Frankfurts neues Wohnviertel bewahrt römische Ruinen für die Öffentlichkeit
Carolina SchleichFrankfurts neues Wohnviertel bewahrt römische Ruinen für die Öffentlichkeit
Ein neues Wohnviertel in Frankfurt verbindet bald modernes Leben mit antiker Geschichte
In Frankfurt entsteht ein Wohnprojekt, das zeitgenössisches Wohnen mit archäologischem Erbe vereint: Originale römische Ruinen der vor fast 1.800 Jahren untergegangenen Stadt Nida werden erhalten und der Öffentlichkeit zugänglich gemacht. Die Pläne für das Gelände wurden am 2. März 2026 vorgestellt – ein seltenes Beispiel für die Verbindung von Archäologie und städtischem Wohnraum.
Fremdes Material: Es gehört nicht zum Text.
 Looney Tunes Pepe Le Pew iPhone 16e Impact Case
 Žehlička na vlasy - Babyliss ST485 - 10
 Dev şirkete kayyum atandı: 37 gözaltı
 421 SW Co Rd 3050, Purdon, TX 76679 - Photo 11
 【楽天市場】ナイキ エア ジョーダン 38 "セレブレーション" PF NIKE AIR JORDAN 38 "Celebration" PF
Die Überreste kamen bei Ausgrabungen in der Straße In der Römerstadt 126–134 im Frankfurter Stadtteil Höchst ans Licht. Darunter befand sich ein hölzerner Keller, der 2023 geborgen wurde und nun an seinen ursprünglichen Standort zurückkehrt. Ergänzt wird die Stätte durch Relikte eines frühen römischen Militärlagers in der Nähe des Bolongaro-Palasts, die der historischen Tiefe des Areals zusätzliche Bedeutung verleihen.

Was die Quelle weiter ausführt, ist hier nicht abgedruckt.